The chemical characteristics of the films were analyzed using Fourier-transform infrared (FT-IR) spectroscopy (iS50, Thermo Fisher Scientific, Waltham, MA, USA). FT-IR spectra were recorded to investigate the chemical changes and crosslinking in the polymer films. The samples were scanned in the range of 4000–400 cm⁻¹.

The mechanical properties of the films were evaluated using a 34sc-1 universal testing machine (UTM) instrument (Instron, Canton, MA, USA) at the Smart Materials Research Center for IoT, Gachon University, Republic of Korea. The tensile strength and Young’s modulus were measured by cutting the films into standard test strips of 1 cm × 5 cm and testing them at a crosshead speed of 5 mm/min. The elongation at break was also measured using the same UTM setup.

Rheological measurements were performed using a stress-controlled rheometer (MCR92, Anton Paar, Graz, Austria) equipped with a parallel plate geometry (diameter: 25 mm). Samples were prepared as circular discs with a diameter of 25 mm by cutting from the fully formed and light-exposed films after the complete drying process. Prior to the measurements, a strain sweep test was conducted from 0.01% to 100% strain at 1 Hz to determine the linear viscoelastic region (LVR) for each sample.

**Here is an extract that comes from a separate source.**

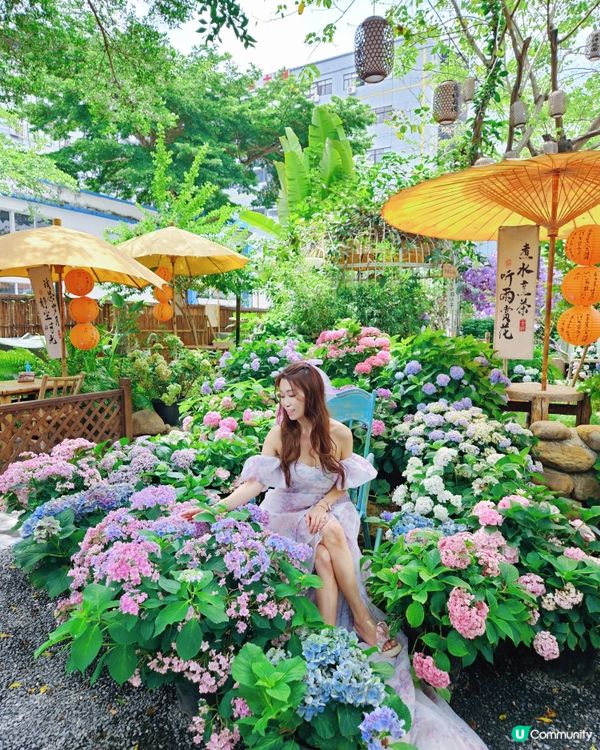 深圳豆伴花園💜！紫色花海打卡📸！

Frequency sweep measurements were carried out within the identified LVR, typically at 0.5% strain, over a frequency range of 0.1 to 100 Hz at 25 °C. Temperature sweep tests were performed from 25 °C to 100 °C at a heating rate of 3 °C/min and a fixed frequency of 1 Hz. The storage modulus (G′), loss modulus (G″), and tan δ were recorded for all measurements.

Adhesion properties were assessed through lap shear tests to evaluate the adhesion of the films to the polyethylene terephthalate (PET) substrate. For the adhesion testing, approximately 100 μL of polymer solution was applied between two PET films over an area of 2 cm × 2 cm. The visible light curing was performed using a 1W Blue Light Plate positioned 1 cm away from the sample surface for 30 min, followed by drying in a convection oven at 37 °C for 24 h. Lap shear tests were conducted using a UTM instrument. The ends of the PET films were secured in the testing jigs, and the samples were pulled at a crosshead speed of 5 mm/min. A pre-test at 2 mm/min was conducted to ensure a proper alignment and contact. These tests provided data crucial for determining the suitability of the films for nail polish applications.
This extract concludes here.